# icloud demande mot de passe de l'ordi



## Tobias2017 (19 Mai 2022)

Bonjour, 
Aujourd'hui, iCloud me demande le mot de passe de l'ordi. Ce n'est pas le mot de passe de session/utilisateur, ni le mot de passe du compte Apple. Qu'est-ce que c'est?


----------



## LaJague (19 Mai 2022)

??? A part le mdp du compte iCloud je vois pas bien ! 

Un screenshot ?


----------



## Tobias2017 (19 Mai 2022)

maintenant, le compte admin est bloqué, il ne reconnait pas le mot de passe. Seul le compte standart est accessible...


----------



## LaJague (20 Mai 2022)

La à part l’assistance….


----------



## Locke (20 Mai 2022)

Tobias2017 a dit:


> maintenant, le compte admin est bloqué, il ne reconnait pas le mot de passe. Seul le compte standart est accessible...


Tu n'aurais pas activé FileVault ?


----------



## Tobias2017 (20 Mai 2022)

Locke a dit:


> Tu n'aurais pas activé FileVault ?


oui, FileVault est activé...


----------



## Powerdom (20 Mai 2022)

Aie.
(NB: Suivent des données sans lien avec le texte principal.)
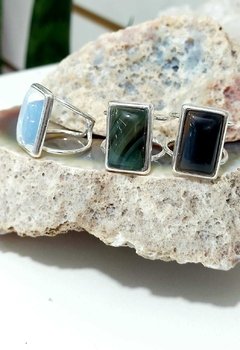 ANILLOS REGULABLES RECTANGULO - comprar online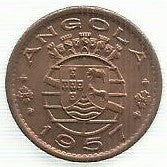 Angola - 50 Centavos 1957 (Km# 75)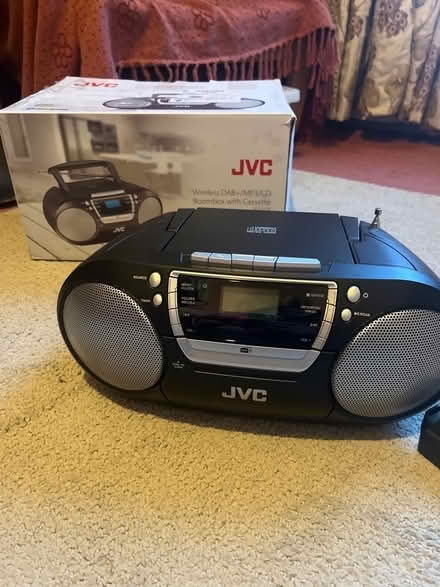 Photo of free JVC cd/cassette/radio player (Hobson NE16) #1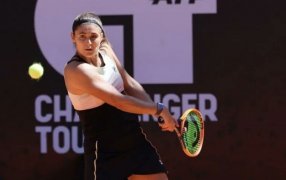 Tenis: La argentina de 21 años Julia Riera cayó en las semifinales del San Luis Open, sin embargo, a partir del lunes tendrá el mejor ranking de su carrera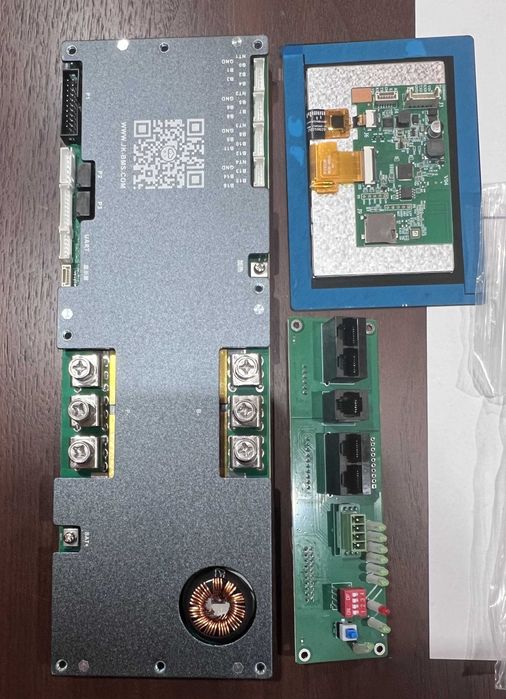 BMS JK PB2A16S30P+Display Capacitiv 4.3" V19, 300/600 Ah, Gama de varf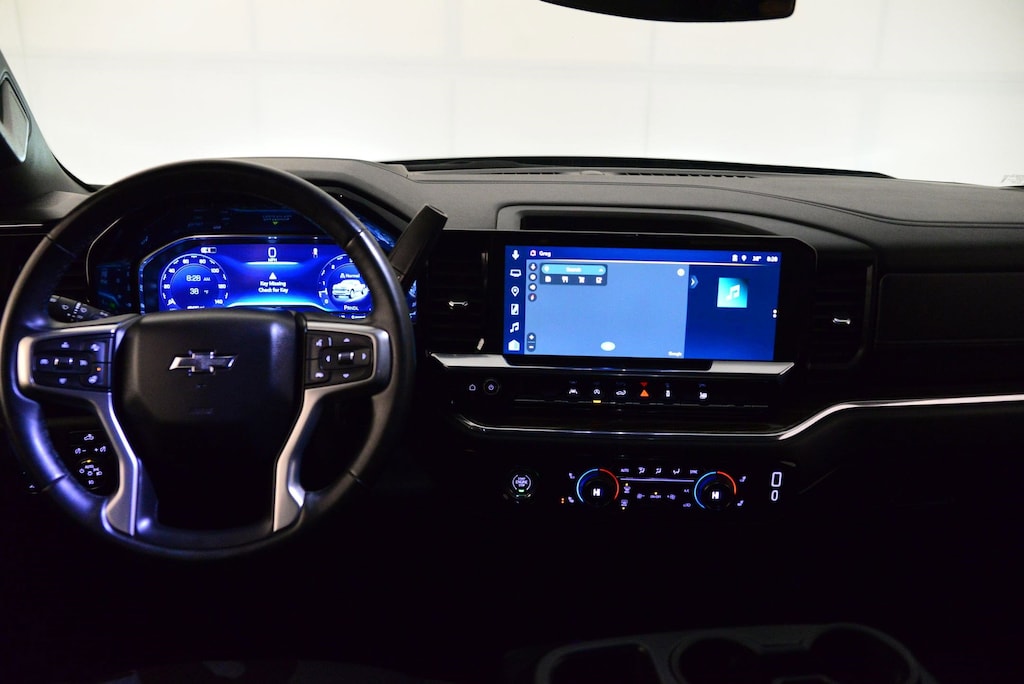 Used 2024 Chevrolet Silverado 1500 RST Truck Crew Cab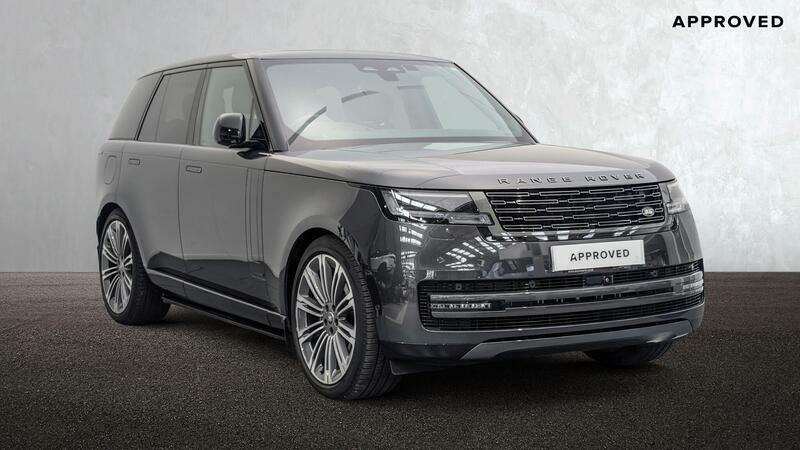 Land Rover D350 Autobiography 5dr Red #1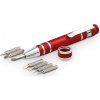 TOOLPEN. Skrutkovač v tvare pera - Červená TOOLPEN. Skrutkovač v tvare pera - Červená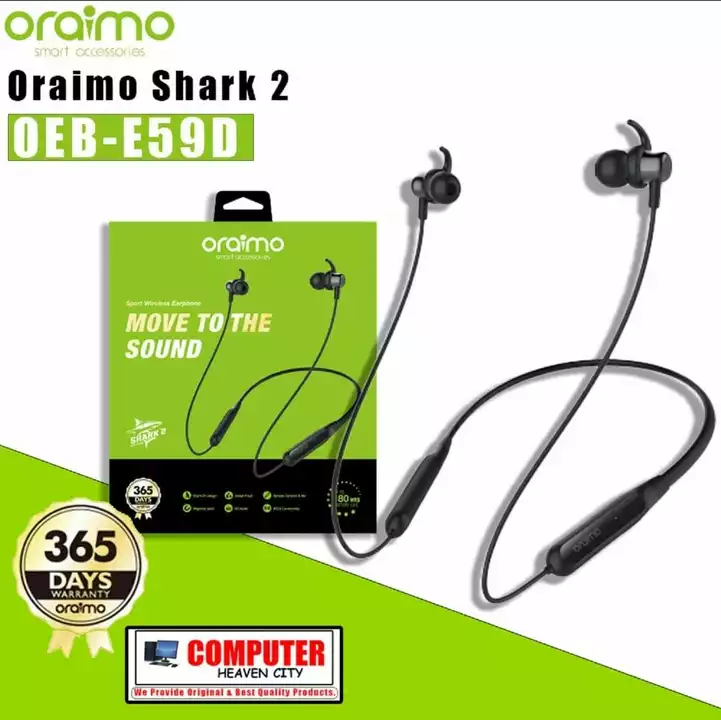 Oraimo shark 2  uploaded by Shopping Club India on 1/15/2023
Mais pourquoi ? En cas de perte de ce mot de passe c'est maintenant irrécupérable


----------



## Membre supprimé 1172465 (20 Mai 2022)

Vous n'activez pas FileVault ?
Cela n'enpêche t'il pas la récupération des données en cas de vol ?


----------



## Sly54 (20 Mai 2022)

Marco a dit:


> Vous n'activez pas FileVault ?


Ca se discute, mais pas dans ce fil


----------



## Membre supprimé 1172465 (20 Mai 2022)

Sly54 a dit:


> Ca se discute, mais pas dans ce fil


Pas de souci


----------